## Problem requirements
Using the data below, return the stretch from the line that contains "Emaille fabriekslamp lamp" through the line that contains "Notenschluessel und Noten", both included, exactly as it stands and nothing beyond it.

Extracted data entries
▬▬▬▬▬▬
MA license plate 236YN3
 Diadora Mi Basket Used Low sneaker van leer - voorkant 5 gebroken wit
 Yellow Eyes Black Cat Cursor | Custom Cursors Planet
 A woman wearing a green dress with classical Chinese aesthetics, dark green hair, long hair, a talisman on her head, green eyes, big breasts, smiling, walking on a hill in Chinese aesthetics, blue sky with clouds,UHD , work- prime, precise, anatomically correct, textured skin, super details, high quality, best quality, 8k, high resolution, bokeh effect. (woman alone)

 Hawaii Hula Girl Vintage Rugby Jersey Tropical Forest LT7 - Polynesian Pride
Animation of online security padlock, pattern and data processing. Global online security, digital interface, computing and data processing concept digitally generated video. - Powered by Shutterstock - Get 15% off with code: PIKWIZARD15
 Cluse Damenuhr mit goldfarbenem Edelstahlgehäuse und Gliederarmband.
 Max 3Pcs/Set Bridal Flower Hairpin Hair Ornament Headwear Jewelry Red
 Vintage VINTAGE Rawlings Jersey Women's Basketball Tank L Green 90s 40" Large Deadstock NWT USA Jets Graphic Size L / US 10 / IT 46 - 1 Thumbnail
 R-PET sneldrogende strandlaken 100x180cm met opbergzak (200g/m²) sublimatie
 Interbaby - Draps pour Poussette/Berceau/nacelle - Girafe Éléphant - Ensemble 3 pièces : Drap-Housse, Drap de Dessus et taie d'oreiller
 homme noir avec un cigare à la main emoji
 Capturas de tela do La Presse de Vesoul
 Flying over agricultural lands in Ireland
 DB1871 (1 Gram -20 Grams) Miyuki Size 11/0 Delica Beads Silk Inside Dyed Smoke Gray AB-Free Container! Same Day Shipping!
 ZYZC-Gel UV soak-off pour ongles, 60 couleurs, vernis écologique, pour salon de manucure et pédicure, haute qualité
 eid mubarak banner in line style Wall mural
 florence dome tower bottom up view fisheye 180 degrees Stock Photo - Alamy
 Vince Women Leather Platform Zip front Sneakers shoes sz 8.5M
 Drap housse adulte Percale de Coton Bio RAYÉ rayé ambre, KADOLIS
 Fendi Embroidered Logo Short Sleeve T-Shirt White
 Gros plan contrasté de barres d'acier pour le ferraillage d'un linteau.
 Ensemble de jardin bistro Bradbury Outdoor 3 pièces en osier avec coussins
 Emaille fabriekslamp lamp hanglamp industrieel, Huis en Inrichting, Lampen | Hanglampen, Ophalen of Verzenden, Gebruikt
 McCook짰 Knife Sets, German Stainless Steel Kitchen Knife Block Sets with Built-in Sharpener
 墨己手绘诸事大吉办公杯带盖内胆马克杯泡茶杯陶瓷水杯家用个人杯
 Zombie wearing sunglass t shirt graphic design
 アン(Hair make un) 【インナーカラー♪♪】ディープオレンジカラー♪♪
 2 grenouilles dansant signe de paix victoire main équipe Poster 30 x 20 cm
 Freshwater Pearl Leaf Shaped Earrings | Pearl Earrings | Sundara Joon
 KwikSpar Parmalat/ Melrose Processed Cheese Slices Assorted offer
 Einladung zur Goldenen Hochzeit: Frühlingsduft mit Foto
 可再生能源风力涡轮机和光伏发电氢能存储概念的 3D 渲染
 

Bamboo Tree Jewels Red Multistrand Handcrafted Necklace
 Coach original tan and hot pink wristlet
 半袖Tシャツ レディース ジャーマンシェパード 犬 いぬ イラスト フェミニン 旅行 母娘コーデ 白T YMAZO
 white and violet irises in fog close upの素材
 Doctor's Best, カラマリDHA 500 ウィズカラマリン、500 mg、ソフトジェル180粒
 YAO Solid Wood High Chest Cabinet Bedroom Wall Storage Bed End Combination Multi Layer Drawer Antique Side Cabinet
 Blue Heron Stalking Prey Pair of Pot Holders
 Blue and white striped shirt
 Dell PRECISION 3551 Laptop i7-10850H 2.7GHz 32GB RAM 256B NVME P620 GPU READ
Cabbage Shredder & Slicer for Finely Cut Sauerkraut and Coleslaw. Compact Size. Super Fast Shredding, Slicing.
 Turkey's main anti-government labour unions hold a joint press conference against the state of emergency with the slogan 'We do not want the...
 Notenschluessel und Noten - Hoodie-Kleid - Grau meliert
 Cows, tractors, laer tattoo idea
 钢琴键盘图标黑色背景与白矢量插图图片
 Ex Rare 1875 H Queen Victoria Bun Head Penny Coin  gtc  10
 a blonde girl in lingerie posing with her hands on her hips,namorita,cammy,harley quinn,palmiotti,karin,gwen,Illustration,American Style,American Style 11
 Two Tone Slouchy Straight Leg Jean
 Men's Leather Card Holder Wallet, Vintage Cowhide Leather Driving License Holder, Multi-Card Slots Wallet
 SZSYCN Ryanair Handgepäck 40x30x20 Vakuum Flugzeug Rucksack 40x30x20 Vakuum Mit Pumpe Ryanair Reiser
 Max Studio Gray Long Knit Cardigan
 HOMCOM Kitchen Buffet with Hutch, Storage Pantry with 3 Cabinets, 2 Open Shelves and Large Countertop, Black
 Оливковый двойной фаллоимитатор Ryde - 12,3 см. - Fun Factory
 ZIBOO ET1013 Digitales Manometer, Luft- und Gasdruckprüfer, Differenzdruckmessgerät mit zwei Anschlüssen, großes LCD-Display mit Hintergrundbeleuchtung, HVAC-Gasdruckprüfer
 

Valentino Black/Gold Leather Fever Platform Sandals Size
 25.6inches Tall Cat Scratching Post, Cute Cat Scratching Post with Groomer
▬▬▬▬▬▬
## Response to this task
 Emaille fabriekslamp lamp hanglamp industrieel, Huis en Inrichting, Lampen | Hanglampen, Ophalen of Verzenden, Gebruikt
 McCook짰 Knife Sets, German Stainless Steel Kitchen Knife Block Sets with Built-in Sharpener
 墨己手绘诸事大吉办公杯带盖内胆马克杯泡茶杯陶瓷水杯家用个人杯
 Zombie wearing sunglass t shirt graphic design
 アン(Hair make un) 【インナーカラー♪♪】ディープオレンジカラー♪♪
 2 grenouilles dansant signe de paix victoire main équipe Poster 30 x 20 cm
 Freshwater Pearl Leaf Shaped Earrings | Pearl Earrings | Sundara Joon
 KwikSpar Parmalat/ Melrose Processed Cheese Slices Assorted offer
 Einladung zur Goldenen Hochzeit: Frühlingsduft mit Foto
 可再生能源风力涡轮机和光伏发电氢能存储概念的 3D 渲染
 

Bamboo Tree Jewels Red Multistrand Handcrafted Necklace
 Coach original tan and hot pink wristlet
 半袖Tシャツ レディース ジャーマンシェパード 犬 いぬ イラスト フェミニン 旅行 母娘コーデ 白T YMAZO
 white and violet irises in fog close upの素材
 Doctor's Best, カラマリDHA 500 ウィズカラマリン、500 mg、ソフトジェル180粒
 YAO Solid Wood High Chest Cabinet Bedroom Wall Storage Bed End Combination Multi Layer Drawer Antique Side Cabinet
 Blue Heron Stalking Prey Pair of Pot Holders
 Blue and white striped shirt
 Dell PRECISION 3551 Laptop i7-10850H 2.7GHz 32GB RAM 256B NVME P620 GPU READ
Cabbage Shredder & Slicer for Finely Cut Sauerkraut and Coleslaw. Compact Size. Super Fast Shredding, Slicing.
 Turkey's main anti-government labour unions hold a joint press conference against the state of emergency with the slogan 'We do not want the...
 Notenschluessel und Noten - Hoodie-Kleid - Grau meliert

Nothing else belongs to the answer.